◆ DATA BELOW
##########

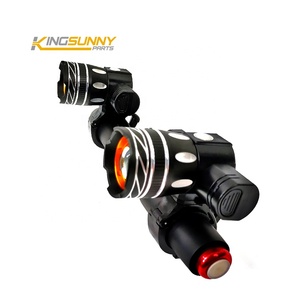 Vástago de manillar de bicicleta eléctrica para niños, manillar con luces para <span class=keywords><strong>Xiaomi</strong></span> M365 <span class=keywords><strong>Pro</strong></span> 1s Essential Pro2 - Product Image 2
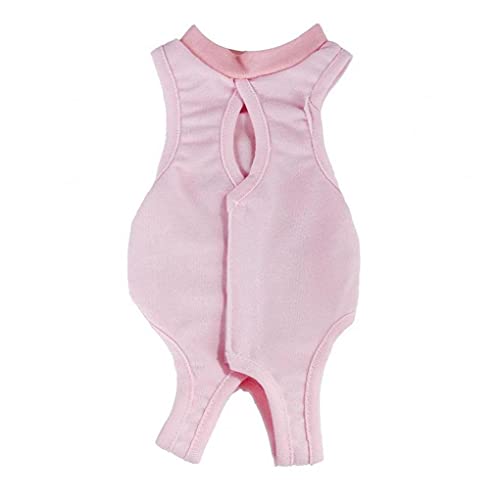 Traje de recuperación quirúrgica Profesional para heridas Abdominales después del Desgaste de la cirugía - Lavable a máquina - Kittens Ropa fisiológica (s Rosa)
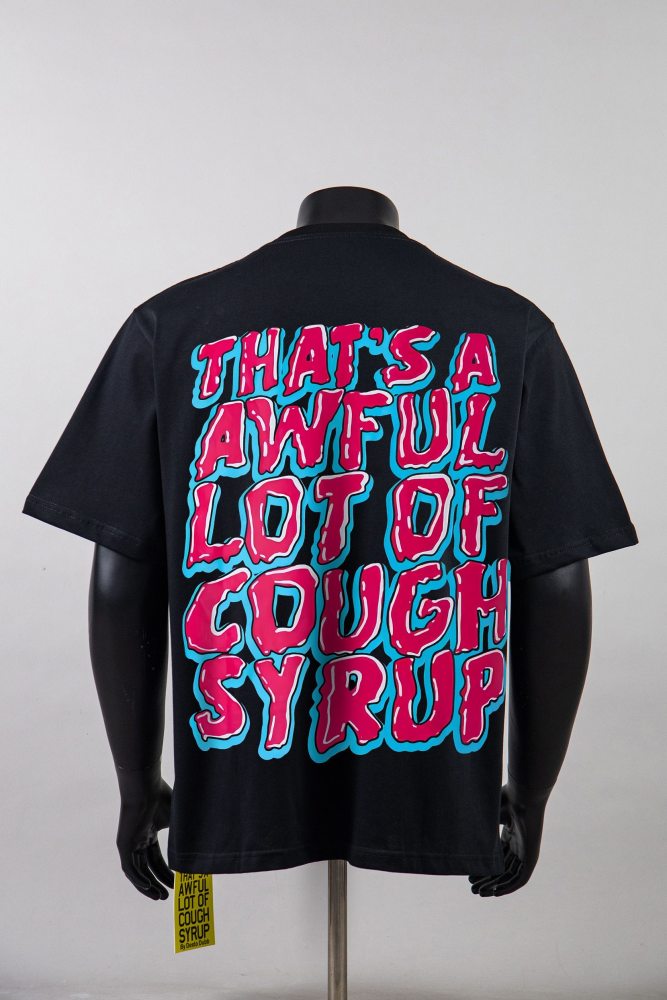 Horror Hip Hop Streetwear Front Chucky Doll Knife Syrup Cup Drip Graffiti Letter Cartoon Print Oversized T-Shirt 29344001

##########

◆ PROBLEM REQUIREMENTS
Return the listing above unaltered, omitting its pictures.

◆ OUTPUT BELOW
 Vástago de manillar de bicicleta eléctrica para niños, manillar con luces para <span class=keywords><strong>Xiaomi</strong></span> M365 <span class=keywords><strong>Pro</strong></span> 1s Essential Pro2 - Product Image 2
 Traje de recuperación quirúrgica Profesional para heridas Abdominales después del Desgaste de la cirugía - Lavable a máquina - Kittens Ropa fisiológica (s Rosa)
 Horror Hip Hop Streetwear Front Chucky Doll Knife Syrup Cup Drip Graffiti Letter Cartoon Print Oversized T-Shirt 29344001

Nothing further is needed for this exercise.